Anche per il «condominio di gestione» dei caseggiati ex Iacp è possbile ottenere il codice fiscale. Lo ammette l’agenzia delle Entrate nella risposta 228/2022 all’interpello di un contribuente.

La questione era stata sollevata da un ente proprietario unico di un edificio dove vige il regime dell’autogestione tra gli assegnatari delle unità immobiliari, e che si era visto negare l’attribuzione del codice fiscale con la motivazione che «nel caso di società di costruzione unica proprietaria dell’edificio del quale non siano state ancora vendute le singole unità immobiliari, il condominio non può dirsi venuto ad esistenza.
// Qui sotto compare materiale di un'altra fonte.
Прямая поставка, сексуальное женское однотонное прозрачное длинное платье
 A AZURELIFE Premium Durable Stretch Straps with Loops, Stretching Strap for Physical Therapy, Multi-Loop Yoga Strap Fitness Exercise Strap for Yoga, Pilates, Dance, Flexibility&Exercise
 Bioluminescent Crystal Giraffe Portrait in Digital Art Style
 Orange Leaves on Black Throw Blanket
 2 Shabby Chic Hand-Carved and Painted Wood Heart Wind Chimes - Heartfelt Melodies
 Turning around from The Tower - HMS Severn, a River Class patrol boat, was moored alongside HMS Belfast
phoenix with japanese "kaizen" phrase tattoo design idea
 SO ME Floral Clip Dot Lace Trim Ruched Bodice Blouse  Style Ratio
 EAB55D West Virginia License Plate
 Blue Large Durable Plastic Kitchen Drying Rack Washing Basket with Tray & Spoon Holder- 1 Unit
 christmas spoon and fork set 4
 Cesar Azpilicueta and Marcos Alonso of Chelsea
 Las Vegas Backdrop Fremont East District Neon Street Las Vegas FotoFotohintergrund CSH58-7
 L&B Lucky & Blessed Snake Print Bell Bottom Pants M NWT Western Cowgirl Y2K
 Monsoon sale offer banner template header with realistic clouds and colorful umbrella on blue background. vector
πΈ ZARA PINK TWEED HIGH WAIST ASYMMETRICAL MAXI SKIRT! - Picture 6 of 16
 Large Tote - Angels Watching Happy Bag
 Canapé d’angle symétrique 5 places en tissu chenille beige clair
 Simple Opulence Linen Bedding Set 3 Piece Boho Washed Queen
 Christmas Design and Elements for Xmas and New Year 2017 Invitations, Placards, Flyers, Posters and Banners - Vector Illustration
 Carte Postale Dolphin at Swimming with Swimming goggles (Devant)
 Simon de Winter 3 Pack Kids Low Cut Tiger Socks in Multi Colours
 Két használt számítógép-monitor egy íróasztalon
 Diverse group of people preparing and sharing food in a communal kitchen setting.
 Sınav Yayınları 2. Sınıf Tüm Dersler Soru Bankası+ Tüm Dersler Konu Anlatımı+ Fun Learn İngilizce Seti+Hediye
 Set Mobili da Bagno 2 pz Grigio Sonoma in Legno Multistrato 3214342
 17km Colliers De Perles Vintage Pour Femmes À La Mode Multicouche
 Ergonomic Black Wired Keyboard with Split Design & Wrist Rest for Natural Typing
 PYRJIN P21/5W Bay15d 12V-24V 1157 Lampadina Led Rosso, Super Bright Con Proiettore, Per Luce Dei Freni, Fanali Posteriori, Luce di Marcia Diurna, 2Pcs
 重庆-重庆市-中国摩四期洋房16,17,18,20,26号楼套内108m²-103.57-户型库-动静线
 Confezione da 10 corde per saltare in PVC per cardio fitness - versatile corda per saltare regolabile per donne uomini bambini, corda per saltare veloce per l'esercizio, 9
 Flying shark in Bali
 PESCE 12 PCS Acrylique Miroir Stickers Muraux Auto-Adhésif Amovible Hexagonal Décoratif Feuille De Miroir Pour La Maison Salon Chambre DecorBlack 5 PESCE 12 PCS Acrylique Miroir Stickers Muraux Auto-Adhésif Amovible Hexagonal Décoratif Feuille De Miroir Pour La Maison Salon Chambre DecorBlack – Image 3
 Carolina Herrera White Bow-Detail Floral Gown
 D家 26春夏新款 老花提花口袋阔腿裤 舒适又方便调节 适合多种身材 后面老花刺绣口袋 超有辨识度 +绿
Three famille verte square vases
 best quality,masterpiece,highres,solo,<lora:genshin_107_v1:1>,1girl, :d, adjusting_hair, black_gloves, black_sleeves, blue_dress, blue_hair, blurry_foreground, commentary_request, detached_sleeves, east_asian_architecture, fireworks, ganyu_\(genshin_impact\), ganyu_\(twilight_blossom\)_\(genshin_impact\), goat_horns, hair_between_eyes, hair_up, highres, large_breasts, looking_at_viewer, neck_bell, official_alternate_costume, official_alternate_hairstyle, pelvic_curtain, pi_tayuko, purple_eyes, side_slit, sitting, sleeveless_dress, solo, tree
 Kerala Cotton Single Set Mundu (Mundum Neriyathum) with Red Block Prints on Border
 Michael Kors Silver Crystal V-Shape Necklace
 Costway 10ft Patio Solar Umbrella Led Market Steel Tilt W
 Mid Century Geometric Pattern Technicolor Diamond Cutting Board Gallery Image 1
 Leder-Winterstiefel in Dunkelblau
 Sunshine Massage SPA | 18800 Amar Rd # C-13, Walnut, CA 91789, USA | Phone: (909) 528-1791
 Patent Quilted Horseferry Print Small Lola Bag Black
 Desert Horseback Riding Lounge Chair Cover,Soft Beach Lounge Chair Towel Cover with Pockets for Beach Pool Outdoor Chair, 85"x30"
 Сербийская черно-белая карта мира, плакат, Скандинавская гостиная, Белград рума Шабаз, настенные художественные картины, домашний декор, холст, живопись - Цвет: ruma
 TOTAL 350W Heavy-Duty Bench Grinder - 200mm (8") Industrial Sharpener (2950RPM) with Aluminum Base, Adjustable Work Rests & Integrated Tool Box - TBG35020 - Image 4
In tale circostanza, il modello AA5/6... in assenza di un verbale di assemblea condominiale correttamente formato, non è validamente sottoscritto ai sensi dell’articolo 4, comma 1 Dpr 29 settembre 1973, n. 605».

Tuttavia, per la gestione degli spazi comuni, anche se non in comunione, serve un codice fiscale se si vuole gestirli, appunto, in comune atraverso le assemblee degli assegnatari. Inoltre, osserva l’ente «l’articolo 1129 Codice civile (Nomina, revoca ed obblighi dell’amministratore) all’ultimo comma, prevede che «il presente articolo si applica anche gli edifici di alloggi di edilizia popolare ed economica, realizzati o recuperati da enti pubblici a totale partecipazione pubblica o con il concorso dello Stato, delle regioni, delle provincie o dei comuni, nonché a quelli realizzati da enti pubblici non economici o società private senza scopo di lucro con finalità sociali proprie dell’edilizia residenziale pubblica».

Le Entrate osservano che in effetti, anche per dare attuazione alla legge Regione Veneto 39/2017 secondo la quale «comuni e le Ater, qualora siano unici proprietari dei fabbricati destinati all’edilizia residenziale pubblica, promuovono l’autogestione da parte dell’utenza dei servizi accessori e degli spazi comuni, anche mediante la nomina di un soggetto terzo.» gli enti ex Iacp devono realizzare il particolare sistema di gestione dei beni comuni. Quindi, anche se non ci sono i presuppposti per l’esistenza di un condominio (cioè almeno due proprietari di distinte unità immobiliari) «costituendo la forma giuridica dell’autogestione, come sopra definita, un condominio di gestione degli spazi e dei servizi comuni, pur non potendosi configurare un condominio ordinario come previsto dal Codice civile, per le differenze sopra evidenziate, si ritiene che lo stesso possa chiedere comunque l’attribuzione del codice fiscale. In particolare, il terzo nominato dall’assemblea degli assegnatari costituenti il condominio di gestione può chiedere l’attribuzione di un codice fiscale necessario per la gestione degli spazi e delle utenze comuni, indicando,nel modello AA 5/6, alla voce “nome”, la posizione del fabbricato e l’esistenza di un’autogestione di cui alla LR Veneto n. 39 del 2017, inserendo il codice 13 “Altre organizzazioni di persone di beni senza personalità giuridica (escluse le comunioni)”».